OPINION *Page 2 {¶ 1} Appellant Floyd Rhinebolt appeals the judgment of the Court of Common Pleas of Delaware County, Ohio, convicting and sentencing him for one count of receiving stolen property, a felony of the third degree, in violation of R.C. 2913.51(A). The appellee is the State of Ohio.
STATEMENT OF THE FACTS AND CASE {¶ 2} Floyd Rhinebolt, Jr., (hereinafter Floyd Jr.) received $425,122.44 from a medical malpractice settlement in January 2003. Floyd Jr. had sued a Marion, Ohio urologist because of an incorrect and unnecessary operation performed on August 14, 1997. The operation involved a reimplantation of the urethra into the bladder. The operation caused severe urinary reflux into the kidneys that led to kidney damage. This will require, at some point in Floyd Jr.'s life, a kidney transplant. Floyd Jr. was 16 years old at the time of the settlement. The Probate Court of Delaware County named Linda Rhinebolt, Floyd's mother, the legal guardian of the minor child's account. Floyd Jr. turned eighteen years old in September 2005. Mrs. Rhinebolt, a co-defendant in this case, was ordered to deposit the settlement amount of $425,122.44 in a trust account at Fifth Third Bank "for the benefit of the Minor." Access to the account was restricted to only those expenditures approved by an order of the Probate Court. The funds were earmarked to pay for future medical expenses of Floyd, Jr., including a kidney transplant. Linda Rhinebolt was familiar with this Order, having filed a motion to withdraw funds from the account to pay for medical bills. *Page 3
{¶ 3} Appellant is the father of Floyd Jr. and the husband of Linda Rhinebolt. Over the next year, Linda Rhinebolt, with her husband's knowledge, proceeded to withdraw all but $4.52 of the $425,122.44.

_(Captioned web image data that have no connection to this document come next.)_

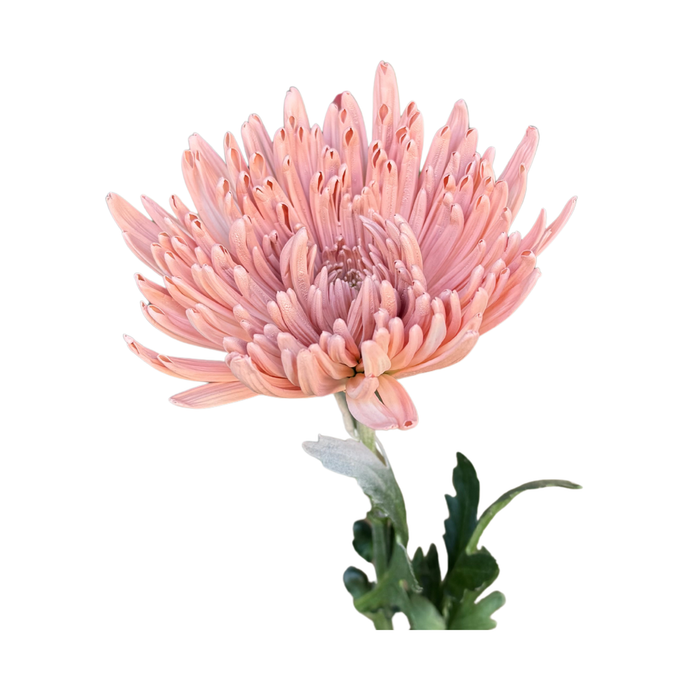 Floral Spray Paint (SOFT PINK) #012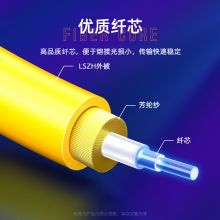 山泽(SAMZHE)低烟无卤环保光纤线 电信级SC-SC单模单芯 收发器尾纤 10米G0-SCSC10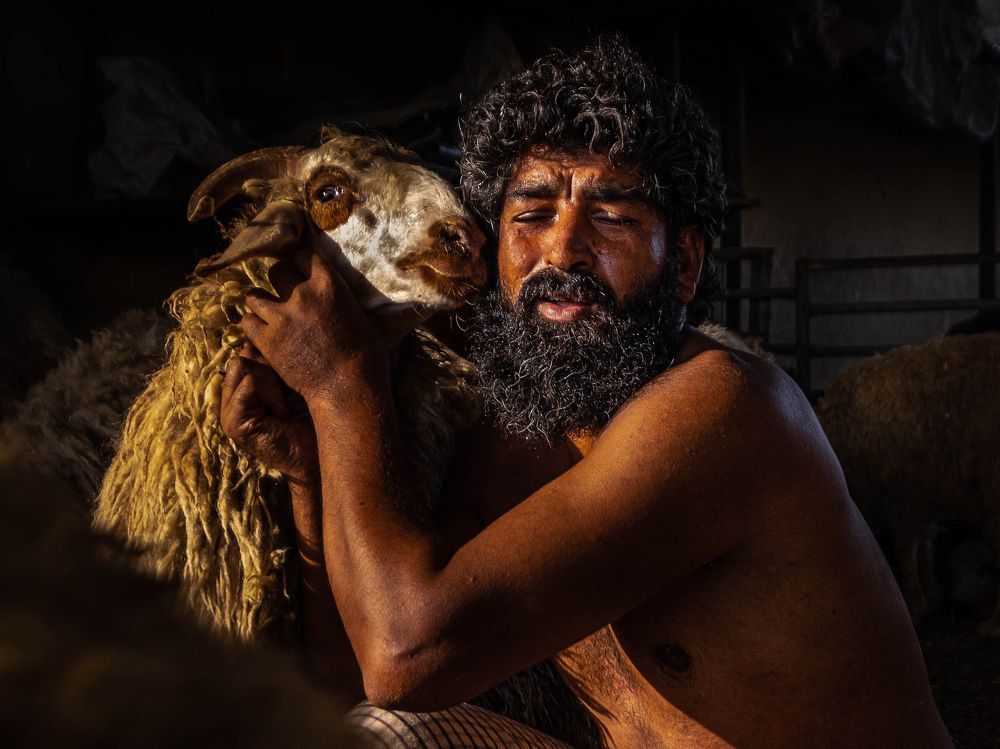 Photograph by TITTU SHAJI THOMAS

{¶ 4} Mr. and Mrs. Rhinebolt purchased a home so they could move out of their mobile home. After purchasing the residence, the Rhinebolts then secured a mortgage of $116,000. $111,569.20 of that mortgage was used by the Rhinebolts to pay down debts, including debts from a bankruptcy filed by both Mr. and Mrs. Rhinebolt. Appellant's signature appeared on the loan application for the mortgage. $46,000 of the mortgage funds were deposited in appellant's bank account.

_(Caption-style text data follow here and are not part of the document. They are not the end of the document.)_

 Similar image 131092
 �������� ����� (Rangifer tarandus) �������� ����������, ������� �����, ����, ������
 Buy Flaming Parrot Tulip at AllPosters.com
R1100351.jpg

{¶ 5} The Rhinebolts also purchased an in-ground swimming pool. Further money from Floyd, Jr.'s account was used to purchase three "quads" or four-wheel drive vehicles. The bank records, entered as evidence, show dozens of bank counterchecks and wire transfers from the "trust" account into the account of Linda Rhinebolt. On one day alone, deposits of more than $10,000 were made into the appellant's bank account.
{¶ 6} Mrs. Rhinebolt initiated a wire transfer to purchase a boat. Although she could not remember what kind of boat they had purchased, she testified, "They could ski behind it." The couple purchased a Jacuzzi for the master bedroom and constructed a backyard patio. The Rhinebolts further used the funds to pay for a Florida vacation and to pay off the loan on appellant's truck.
{¶ 7} Mrs. Rhinebolt entered a plea of guilty to theft and forgery in connection with the settlement money. *Page 4
{¶ 8} Later, after the theft was discovered, Floyd Jr. sued his parents and Fifth Third Bank to recover the funds. Fifth Third settled with Floyd Jr. for $325,000.
{¶ 9} In 2003, Mrs. Rhinebolt's income was $3,640. Appellant's income as a truck driver was $17,000 and an additional $4,207.81 from his previous employer, Kroger Co. He earned $16,249 in 2004. Appellant blamed his son for the financial depletion of funds in the trust account because Floyd Jr. wanted to purchase the house.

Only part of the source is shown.